The pros and cons of public blockchains and distributed ledgers

I think one of the biggest problems these industries and technologies have today is a lack of clear differentiation between a set of technology that is both materially similar and fundamentally different.


  • A public blockchain is any ordered database where it is expected that anyone would be able to read from or write to at a cost. Bitcoin being the most well known and popular example of this.
  • A distributed ledger is any private ordered database that is expected to have restrictions on who may read from or write to the database. Most commonly they’re restricted to those participating in the operation of the ledger. Fabric and Corda would be the most well known and popular examples of these.

I highly agree @anthony One of the issues is that for most of the time the term public blockchain is used as an overarching term for DLTs by the general audience. As you mention in the post, both have their own use and purpose.

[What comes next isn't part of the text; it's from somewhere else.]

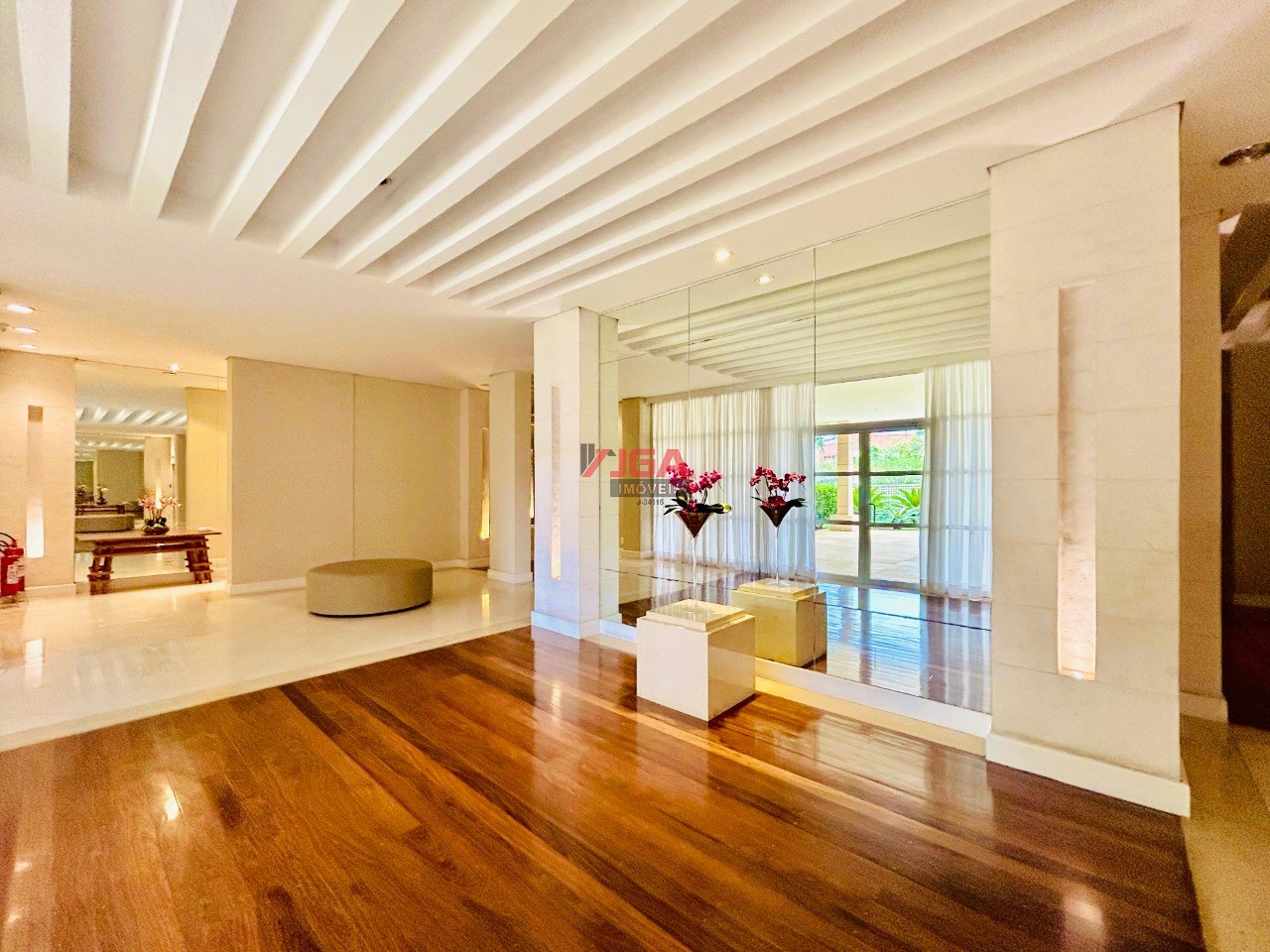 Apartamento, 3 quartos, 133 m² - Foto 3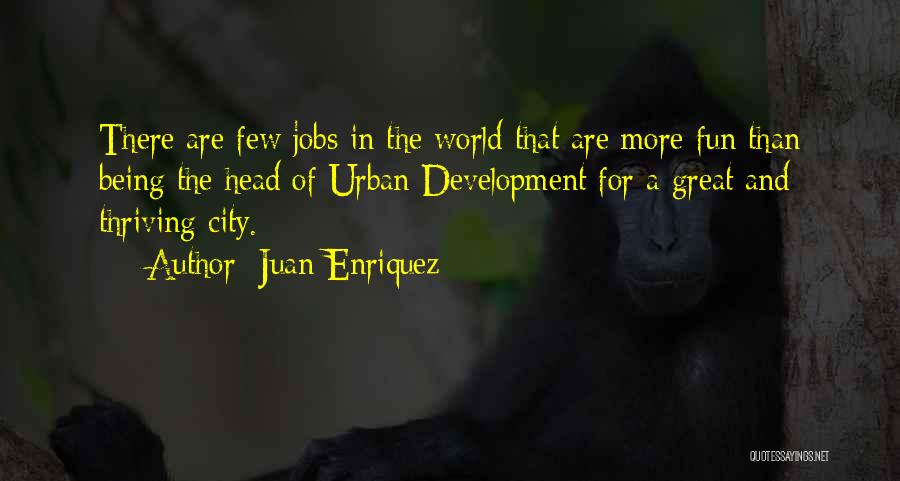 Mations Quotes By Juan Enriquez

A nice diagram explaining this would be nice :troll:


As this area keeps evolving and new players try to leverage some similar terms with their own meaning, it is how we see today.

I see it a bit differently. I see distributed ledger technology (DLT) a bigger term, a superset, while blockchain is one way to implementing DLT, and therefore a subset. There are many non blockchain implementations such as using DAG (IOTA, Hashgraph), or a chain pattern without a block without using block such as Corda (well, Corda is now marketing itself as blockchain). It is more to solve business problems such as trust among different business entities.

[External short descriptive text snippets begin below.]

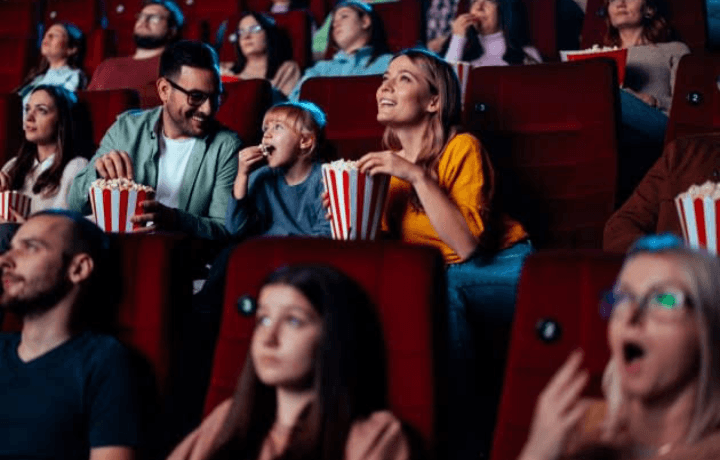 Simak Jadwal Film Bioskop di Kota Semarang Hari Ini 14 April 2025, Buat Refreshing Sepulang Kerja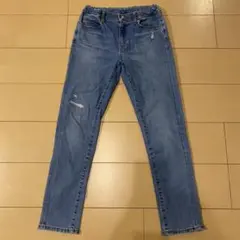 UNIQLO デニム 150cm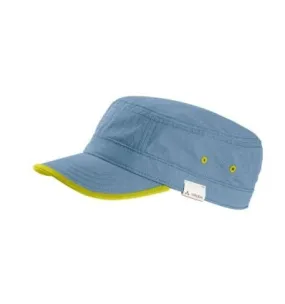 Gorra Vaude Cuba Libre (azul nórdico) Hombre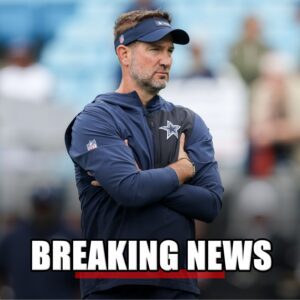 🚨 BREAKING: AFTER EMBARRASSING LOSS TO THE ARIZONA CARDINALS, DALLAS COWBOYS FIRE HEAD COACH BRIAN SCHOTTENHEIMER — JERRY JONES RESPONDS WITH SHARP CRITICISM - RYOMA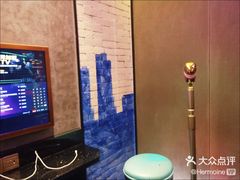 -音乐派KTV(银泰城店)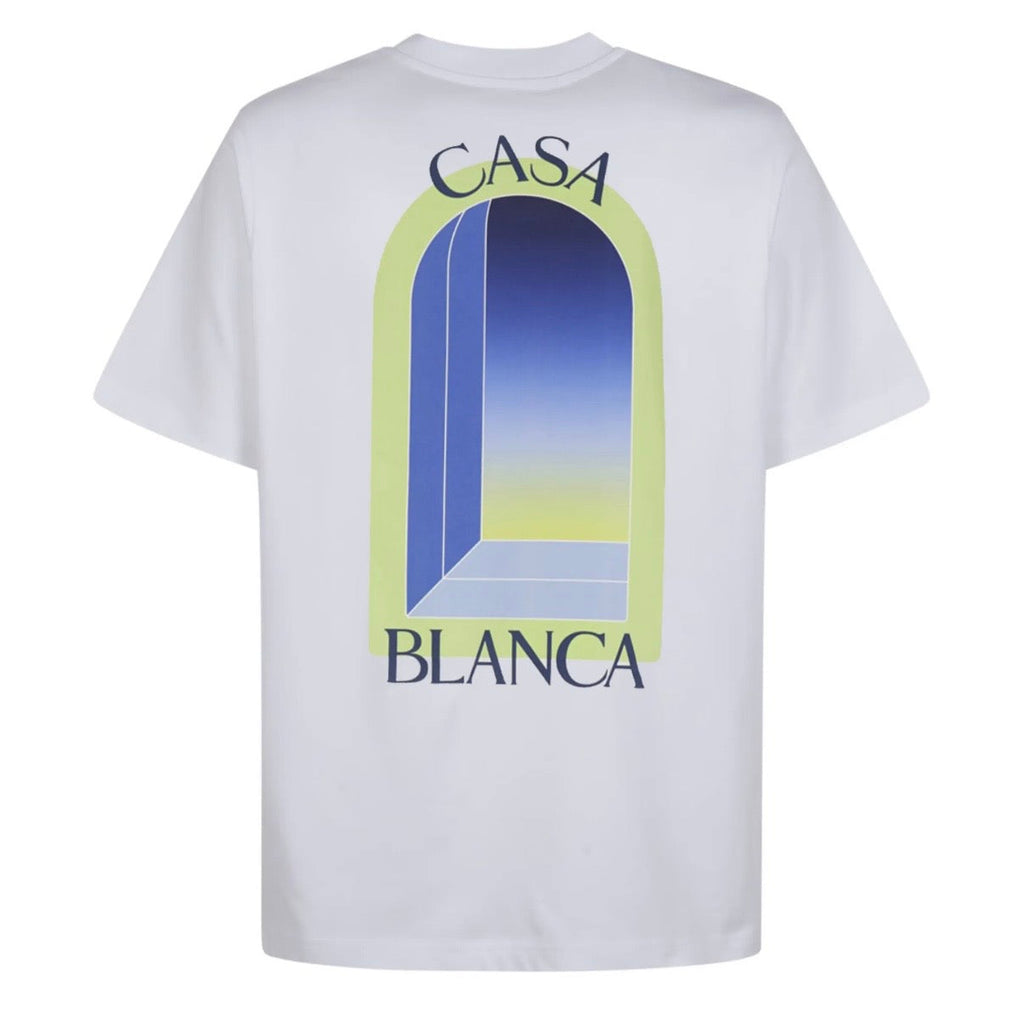 T-Shirt C*sa Bl*nca
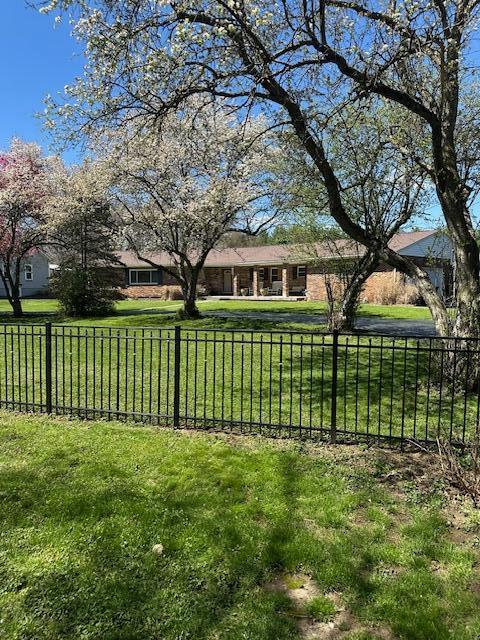602 Hibbs Road, Lockbourne, Ohio image 1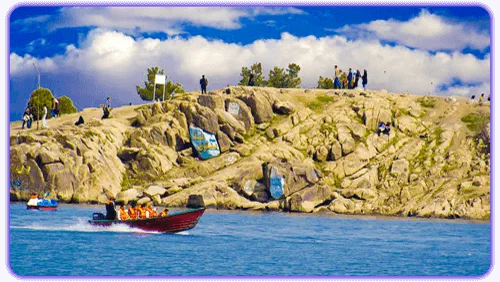 بند گلستان مشهد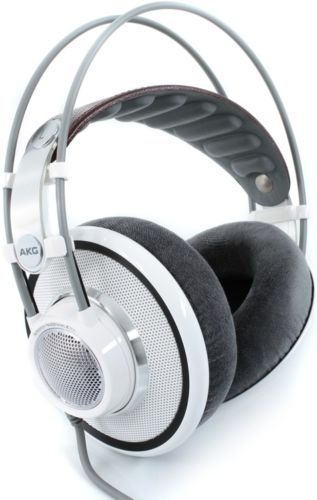 AKG Kopfhörer für Audiogeräte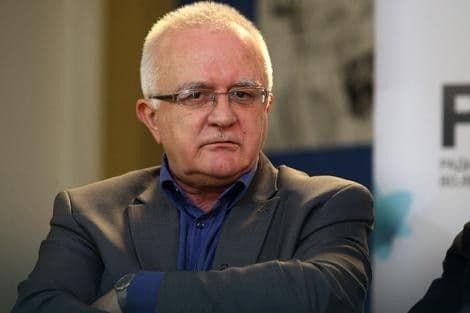 Janjić: Đukanović novi regionalni moderator Janjić: Đukanović novi regionalni moderator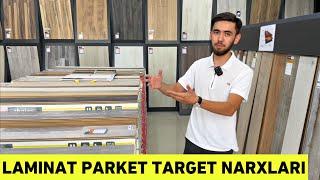 OPTOM ARZON PARKET LAMINAT YANGI NARXLARI 2023 MAY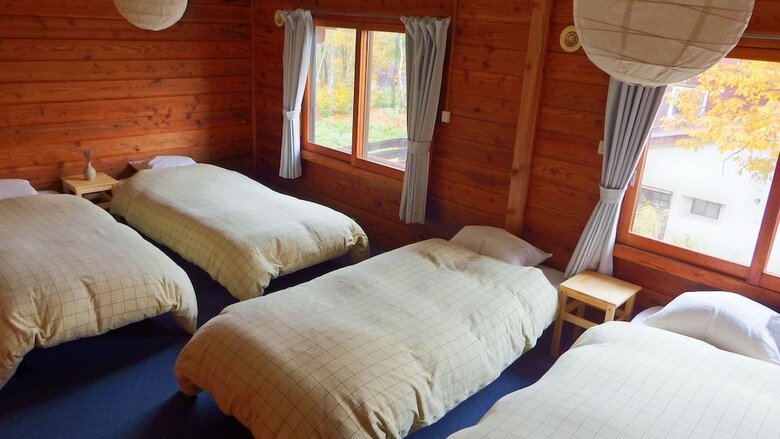 Pension Morino Yado Bj�rk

If we just focus on the term blockchain: narrowly it’s a pattern of “chain of blocks” keeping relevant data, and cryptographically protected between blocks. This is what my first paragraph is talking about. Broadly it’s either a live network in permissionless model or a consortium platform in permissioned model. Examples of the former are Bitcoin and Ethereum (mainnet) and many new comers, while the latter is like Fabric and Sawtooth. And this is also one way to categorize blockchain implementation: permissionless vs. permissioned.

If we see blockchain this way, we won’t simply say it’s just a distributed database. More importantly it provides a programmable environment such that one can create application (smart contract, or more sexy term like decentralized app) to solve some business problems. It is the business application built on top of it brings unique values to real life, while the blockchain networks (permissionless) or blockchain platforms (permissioned) make it possible.

Just my two cents.

cheers, kc


KC has a nice angle on it - blockchains being a subset of distributed ledgers. I tend to think of the distinction in terms of trust and what you have to to do account for it (or its lack). In a truly public system you not only have no trust between any random set of parties, you have an expectation of hostile actors. Your system has to be engineered to be resilient in that environment. In a more concrete sense, that’s why all the benches in the public park in my village are bolted to the ground.

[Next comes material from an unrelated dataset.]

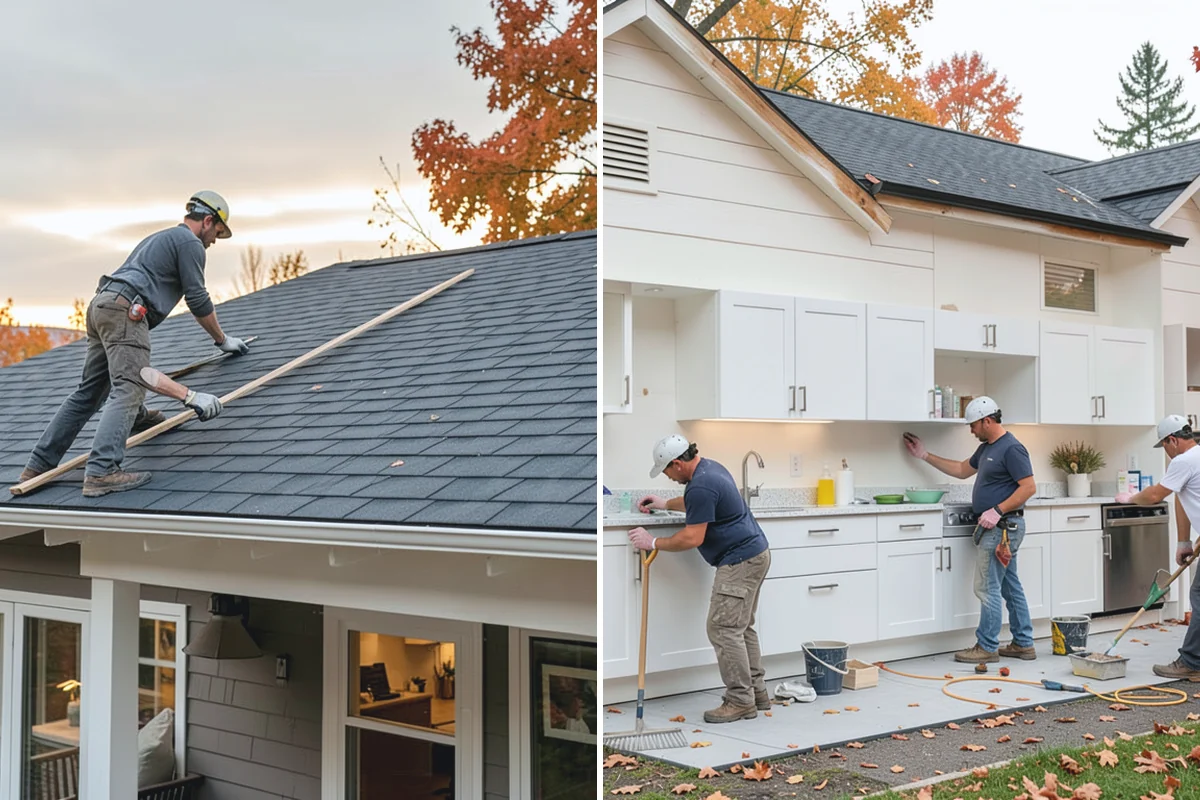 Dedicated Circuit Installation in Granite Falls, Snohomish County, WA - Identify the equipment load and confirm panel capacity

Where you have some gateway then you immediately have enough trust to dispense with the bench bolts. Trust isn’t binary - Intel and Apple don’t trust eachother with much, but there’s a productive supplier/buyer relationship there. Private distributed ledgers assume a minimal level of trust such that legitimate actors won’t maliciously alter data using inherent features of the system (i.e. its own APIs.) You still need to code defensively against hostile threats exploiting flaws of course.

What both blockchains and private DLTs are though are just ways to ensure all parties have the same, shared view of data in the system - in other words, a common state is distributed among all actors. DAML’s job is describing the rules under which that state can change.


This is a great distinction as well and really what I was going for. Perhaps I should have used these terms instead.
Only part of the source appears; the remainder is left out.